For children with speech problems, there is nothing more awkward than lugging around bulky educational devices.
The Apple iPad looks set to change that, with the introduction of a specialised software application aimed at people with speech difficulties.
Titled Proloquo2Go, the software is proving to be one of the fastest growing apps – and for good reason.
Uploaded onto an iPad, the software allows users to directly touch images and speak the words associated with them. Children are also led through stories to teach them basic speech patterns.
Many speech apps have been available on traditional computers and smaller touch screen devices, but parents and therapists say tablets offer children more options.
They’re small enough to be portable and easily tucked away, eliminating some of the embarrassment children might feel.
Speech therapists say there are a few changes they’d like to see to the iPad to make it even more friendly for children with disabilities, including the ability to have parents lock the apps so children can’t delete them, and adjustments to make it less likely for people with motor problems to open apps accidentally.
Why not be the first to engineer some of these ideas?
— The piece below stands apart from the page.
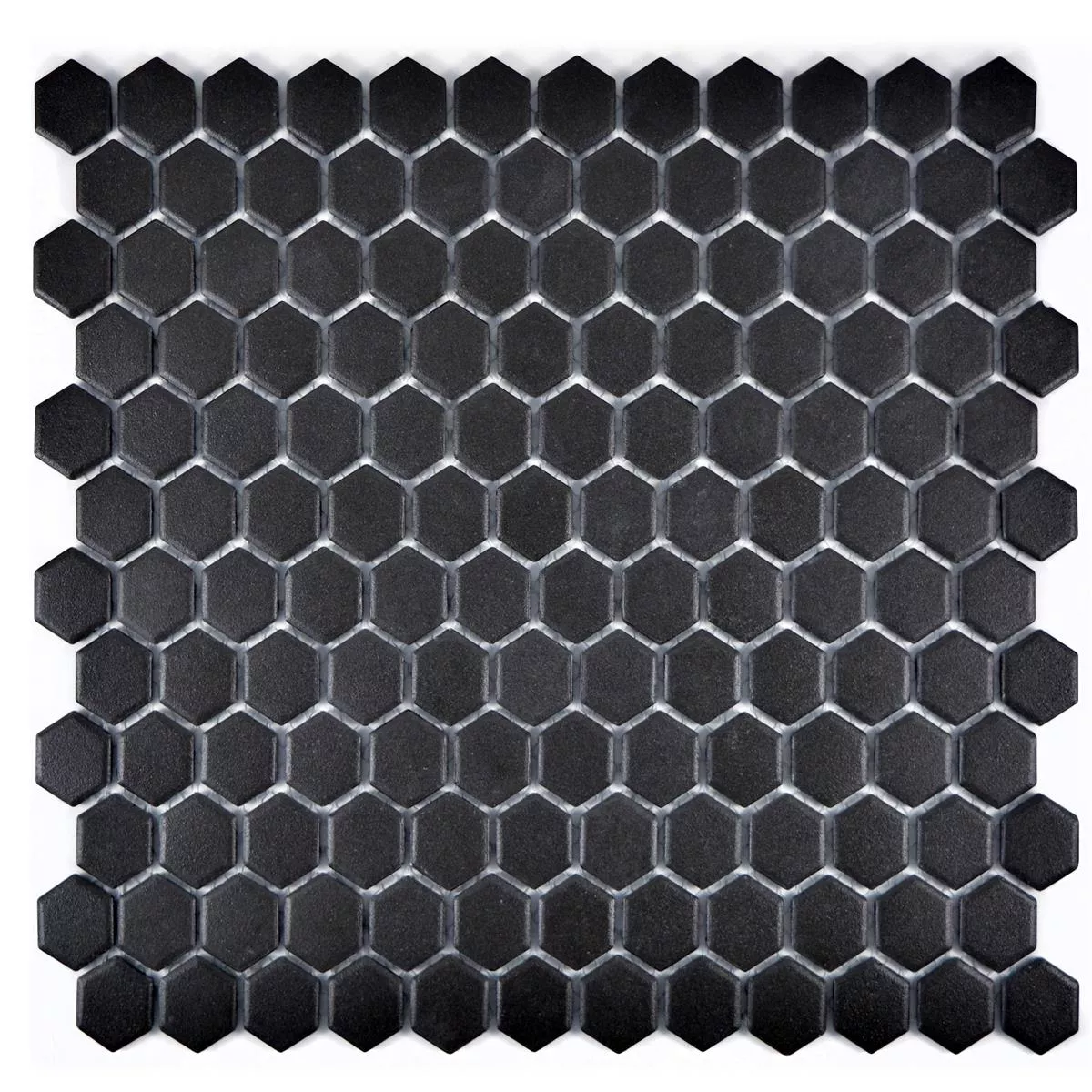 Prov Keramik Mosaik Hexagon Zeinal Oglaserad Svart R10B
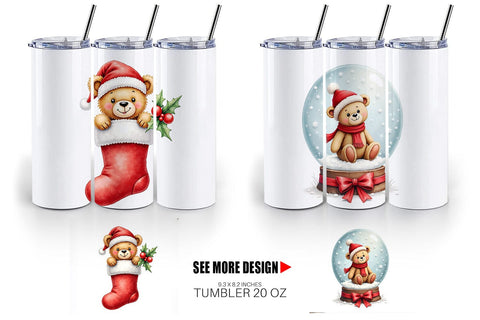 Tumbler Christmas Teddy Bear Sublimation artnoy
Massachusetts Institute of Technology researchers are planning to study what else can be done to improve tablets for people with autism or speech difficulties.
For example, the devices could use location data to deliver options for speaking that depend on a particular place such as a restaurant, shopping centre or school.
Or they could take advantage of technology that can simulate speech based on just a few syllables of a person’s voice.
Such apps have the potential to cash in on a very lucrative business, so why not be the first to come up with an iPad-inspired educational breakthrough?